**WHAT THE EXERCISE ASKS**
Print only what runs from the line that includes "Wheat Grass As Pets Grazing" to the end of the listing, word for word, and do not include any pictures.

══ COLLECTED MATERIAL ══

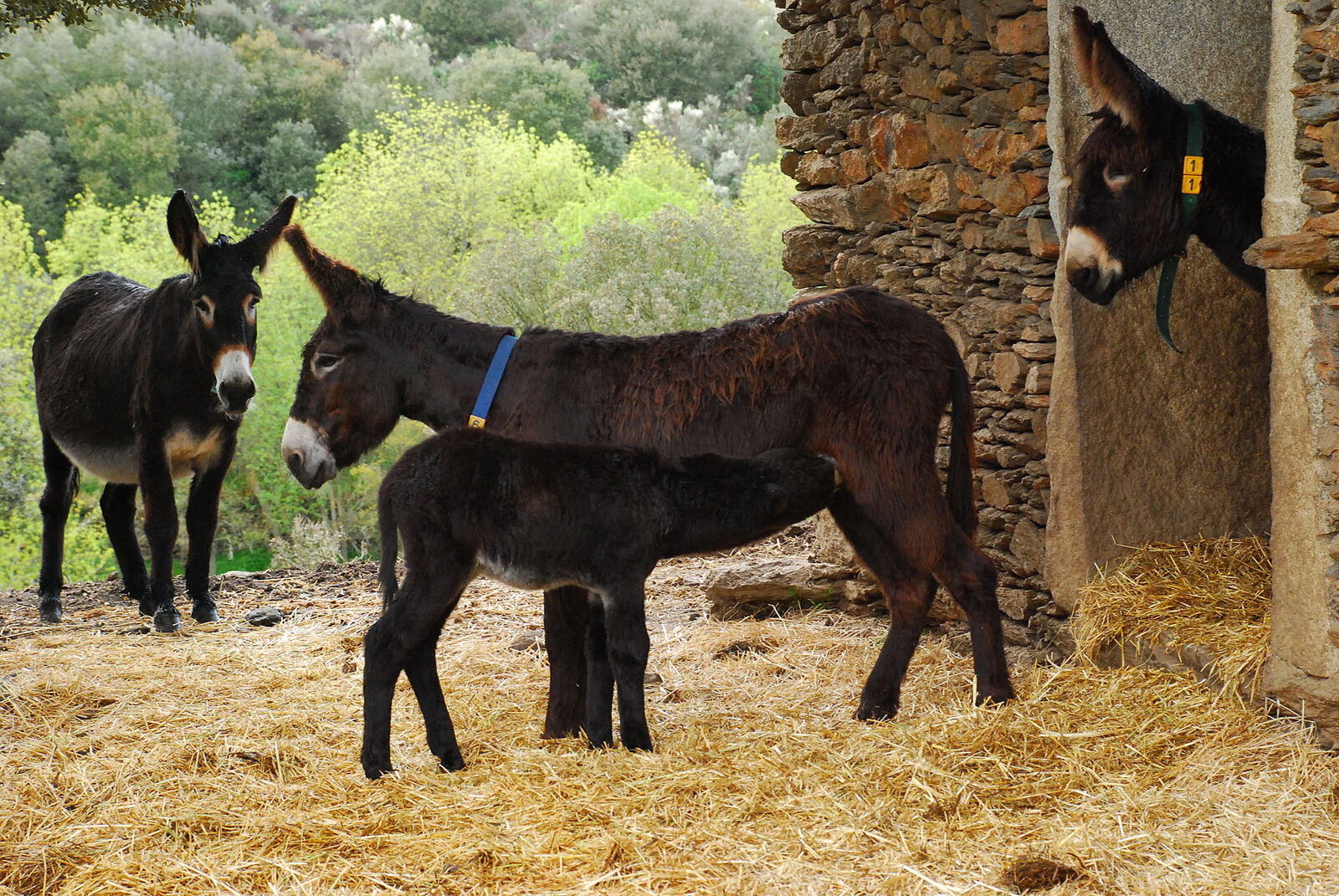 Três burros de Miranda, escuros e de pelo comprido, ao lado de um curral de pedra, com uma cria junto à mãe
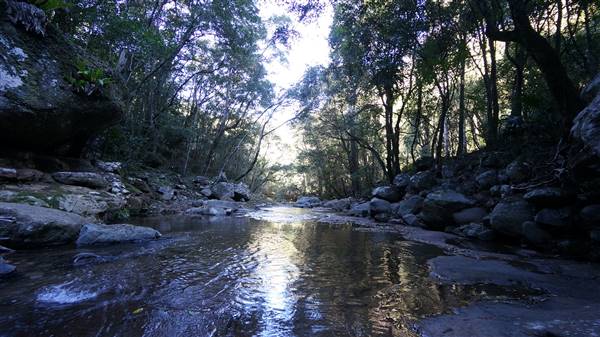 Minnamurra Rainforest Walk - Budderoo National Park (2/07/2016 - Credits: Mary Barltrop)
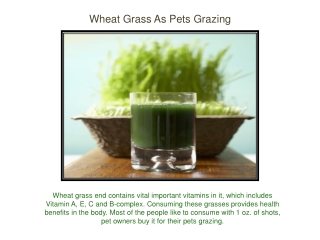Wheat Grass As Pets Grazing
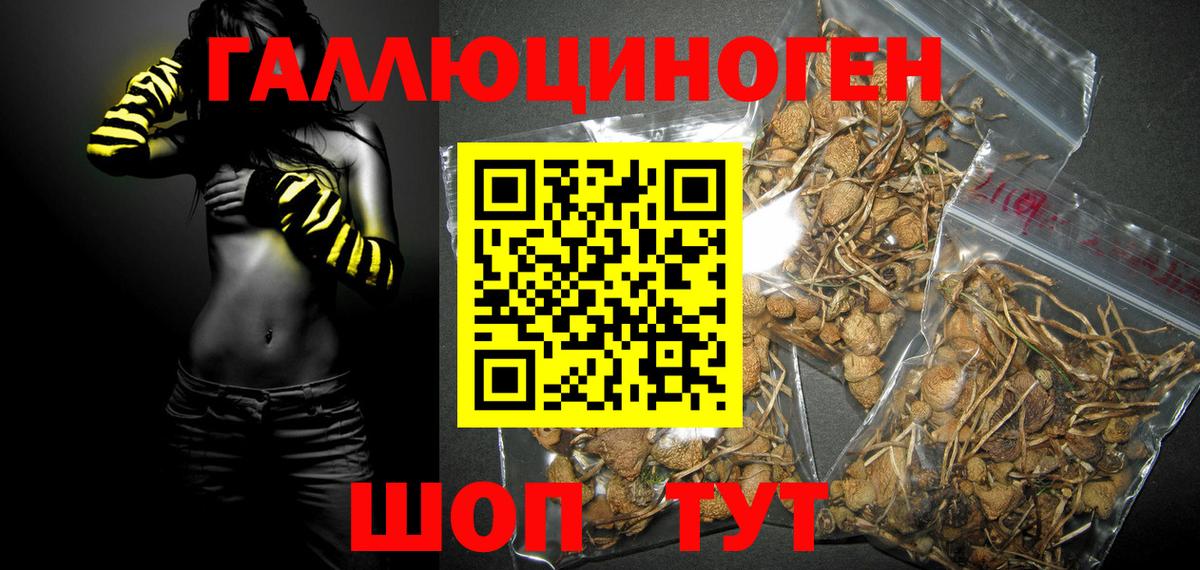 Псилоцибиновые грибы Psilocybine cubensis  Вход с VPN  Рузаевка  Галлюциногенные грибы прущие грибы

═══

**SOLUTION FOR THIS TASK**
Wheat Grass As Pets Grazing
 Псилоцибиновые грибы Psilocybine cubensis  Вход с VPN  Рузаевка  Галлюциногенные грибы прущие грибы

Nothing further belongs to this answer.